* EXCERPTED DATA:
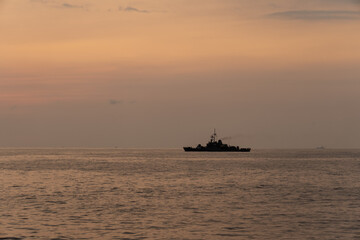 Obraz premium Silhouette of a warship sails along the trade route to protect national resources from illegal activities at sea when the evening before sunset.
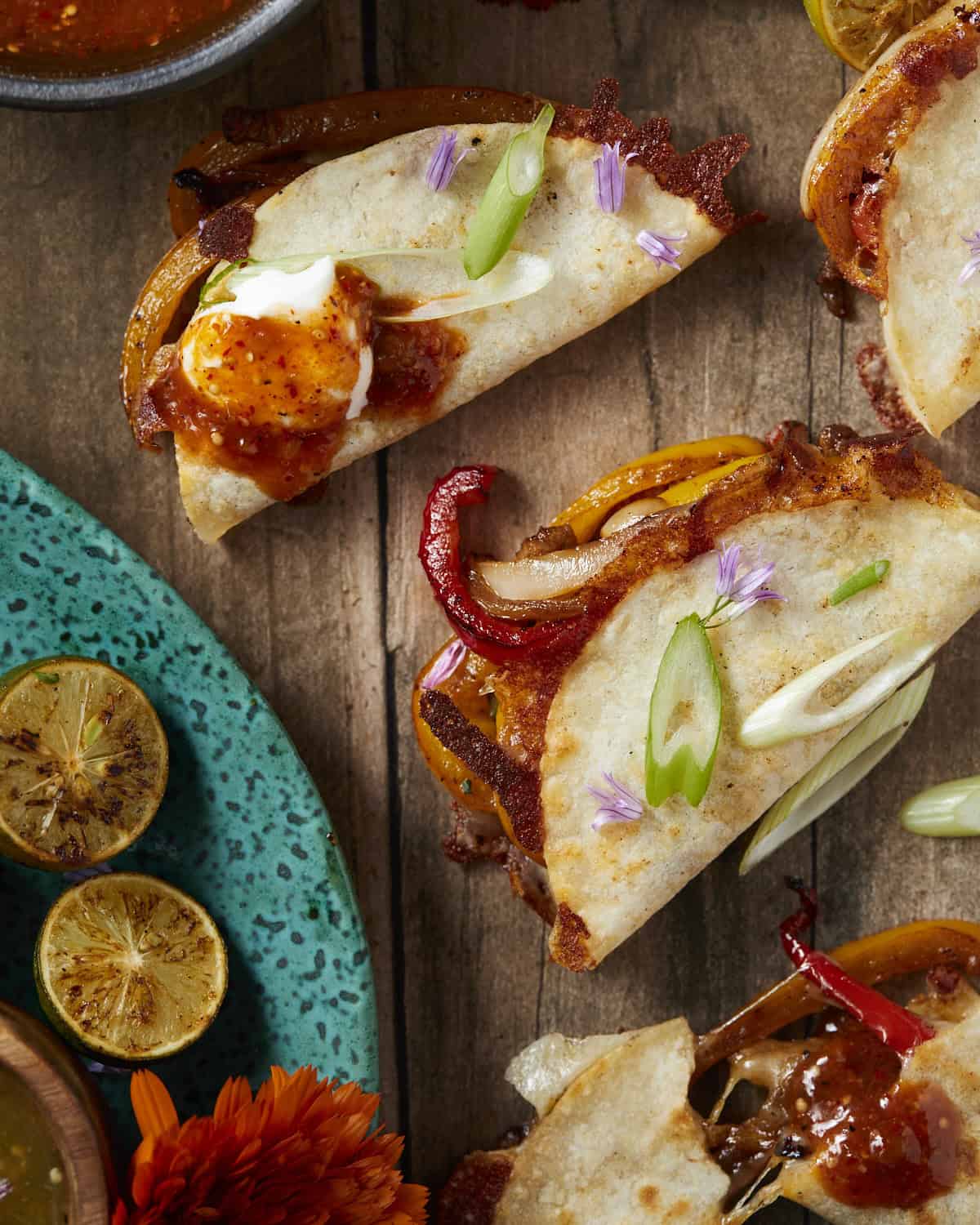 Steak fajita tacos up close with peppers, green onions and salsa.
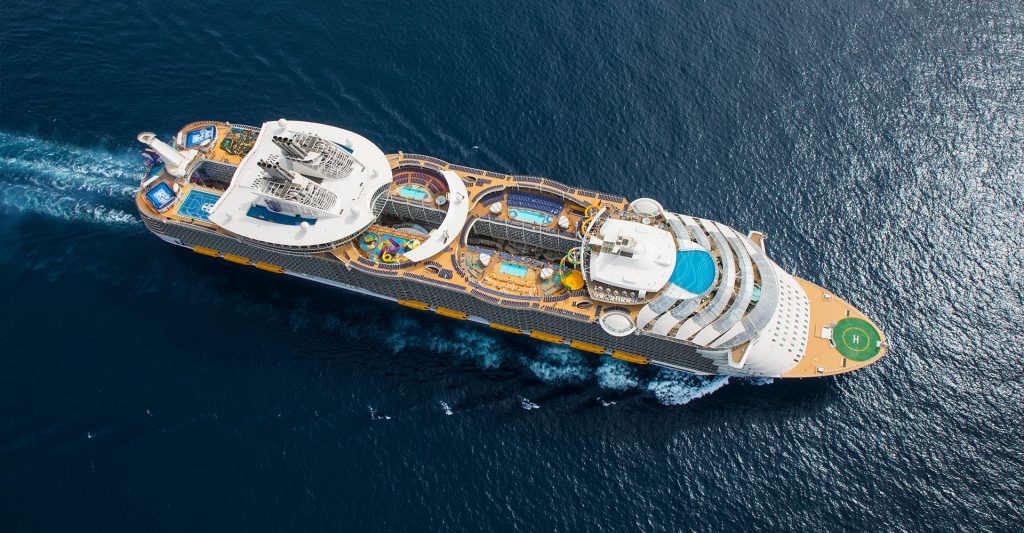 Vista aérea espectacular de un enorme e innovador barco de crucero navegando en alta mar sobre aguas de color azul intenso.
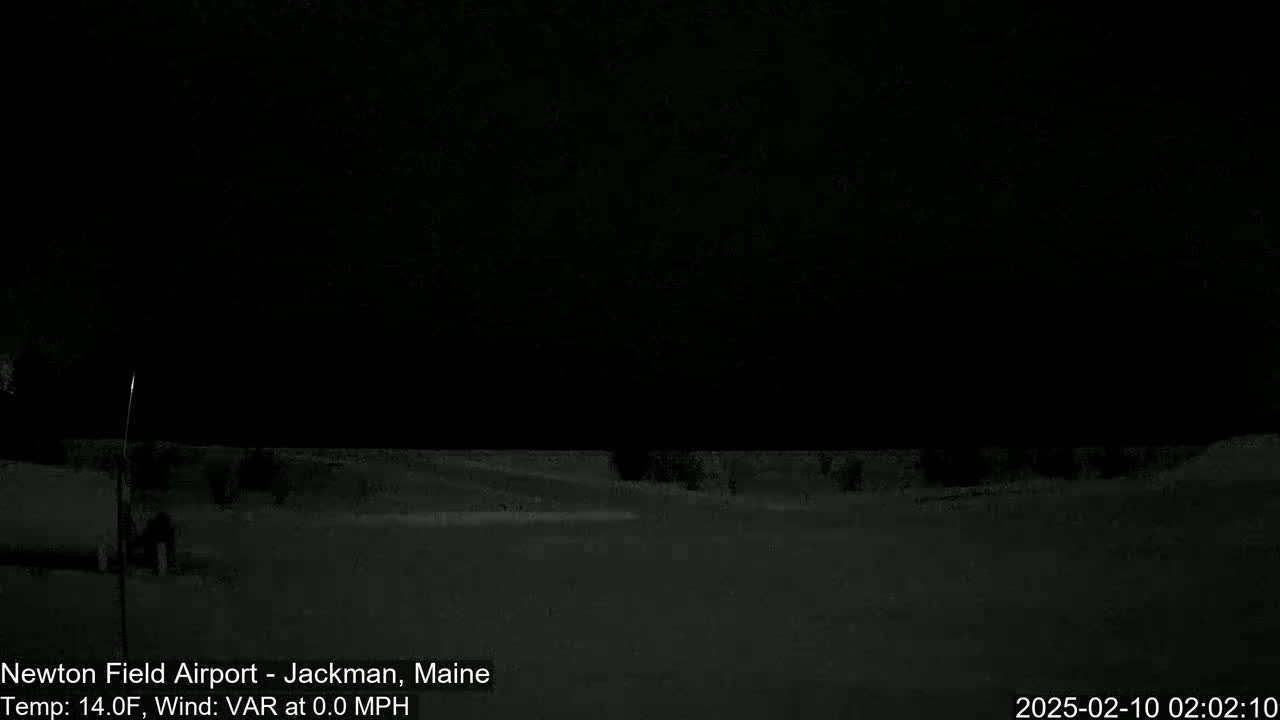 A nighttime, snow-covered landscape is visible under a dark sky, with calm, nearly windless conditions.
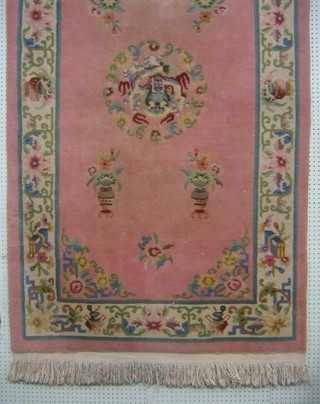 A pink and floral patterned Chinese rug 87" x 49"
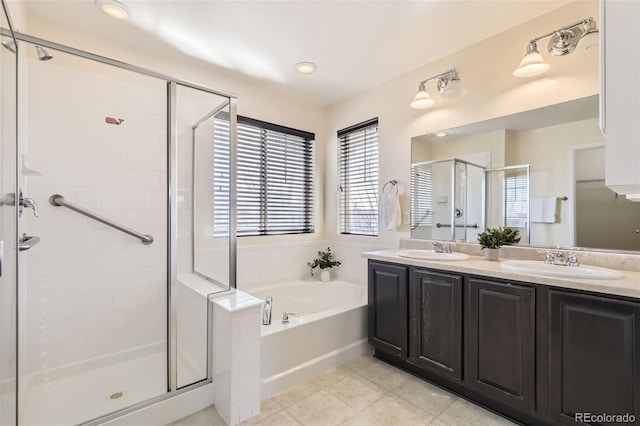 bathroom featuring a stall shower, double vanity, a sink, and a bath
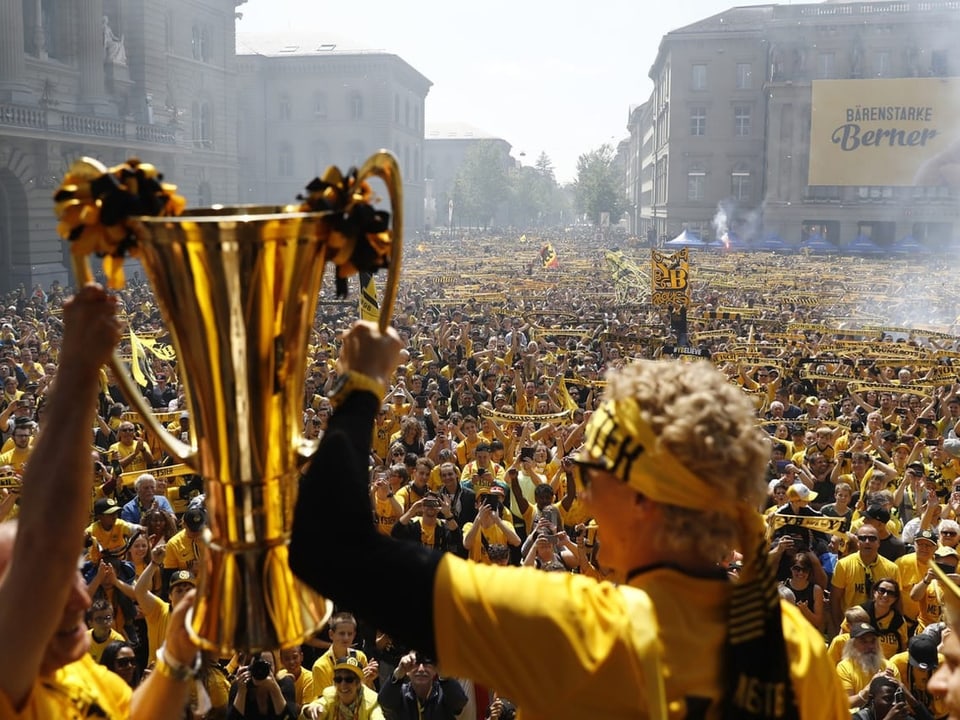 Marco Wölfli hält 2018 den Meister-Pokal in die Höhe. Im Hintergrund ein Platz voller Fans.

* WHAT YOU NEED TO DO:
All the material shown above is to be copied exactly, with no pictures carried over.

* SOLVED EXERCISE:
 Obraz premium Silhouette of a warship sails along the trade route to protect national resources from illegal activities at sea when the evening before sunset.
 Steak fajita tacos up close with peppers, green onions and salsa.
 Vista aérea espectacular de un enorme e innovador barco de crucero navegando en alta mar sobre aguas de color azul intenso.
 A nighttime, snow-covered landscape is visible under a dark sky, with calm, nearly windless conditions.
 A pink and floral patterned Chinese rug 87" x 49"
 bathroom featuring a stall shower, double vanity, a sink, and a bath
 Marco Wölfli hält 2018 den Meister-Pokal in die Höhe. Im Hintergrund ein Platz voller Fans.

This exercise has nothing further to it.